Dalam pemaparannya Prof. Mochamad Maksum menyoroti masalah kedaulatan pangan dari perspektif kebijakan negara. Meski bangsa Indonesia telah merdeka selama 66 tahun namun saat ini kita belum bisa meraih kedaulatan di bidang pangan. Hal itu bukan karena rendahnya produksi pangan dalam negeri namun karena kesalahan negara (pemerintah) dalam mengambil kebijakan tentang pangan. Selama ini pemerintah memfokuskan kebijakan pengelolaaan pangan nasional pada upaya untuk menekan harga pangan agar tetap murah sehingga terjangkau oleh rakyat. Dengan kata lain, perhatian pemerintah terkonsentrasi pada upaya penyediaan pangan murah bagi rakyat. Kebijakan ini sangat baik apabila pelaksanaannya tidak membawa korban/tidak mengorbankan sebagian rakyat Indonesia. Numun kenyataannya, untuk mewujudkan tujuan tersebut pemerintah telah melaksanakan kebijakan yang menyebabkan timbulnya dampak yang kurang baik bagi sebagian rakyat Indonesia, yaitu kalangan rakyat tani.

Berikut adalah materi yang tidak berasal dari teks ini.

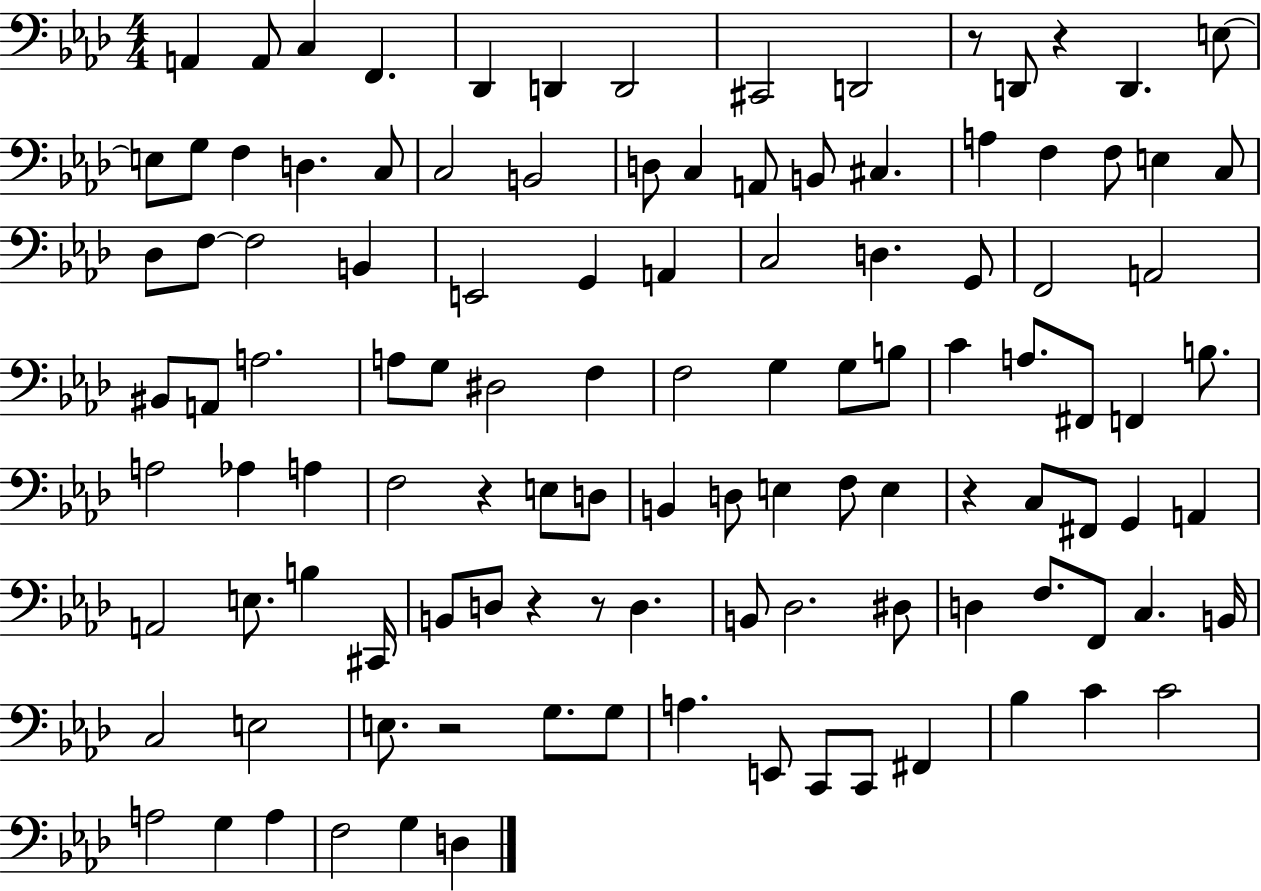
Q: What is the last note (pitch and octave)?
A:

Guna menekan harga pangan dalam negeri pemerintah telah melaksanakan kebijakan importasi berbagai komoditas pangan, misalnya beras, jagung, kedelai, terigu, gula dll. Dalam jangka pendek kebijakan tersebut memang sangat menguntungkan karena segera dapat menekan lonjakan harga pangan dalam negeri. Namun dalam jangka panjang ternyata kebijakan tersebut sangat merugikan rakyat tani Indonesia. Kebijakan importasi telah menyebabkan penderitaan bagi kaum tani. Karena hasil produksi petani dalam negeri dihargai sangat murah, maka penghasilan yang diperoleh petani menjadi relatif rendah, sehingga hanya cukup untuk memenuhi kebutuhan pokok saja. Kondisi tersebut menyebabkan mereka tidak mampu untuk memupuk modal guna menjalankan/meningkatkan skala usaha mereka.

Kesulitan dalam menjalankan usaha pertanian telah menyebabkan banyak petani yang akhirnya meninggalkan usaha tani yang mereka tekuni dan menjual tanah pertanian mereka untuk sektor industri atau tempat tinggal. Kondisi ini jelas akan sangat membahayakan kedaulatan pangan kita karena semakin lama kita akan semakin tergantung dengan negara lain dalam memenuhi kebutuhan pangan dalam negeri. Bangsa Indonesia selamanya akan menjadi konsumen produk pangan dari luar negeri.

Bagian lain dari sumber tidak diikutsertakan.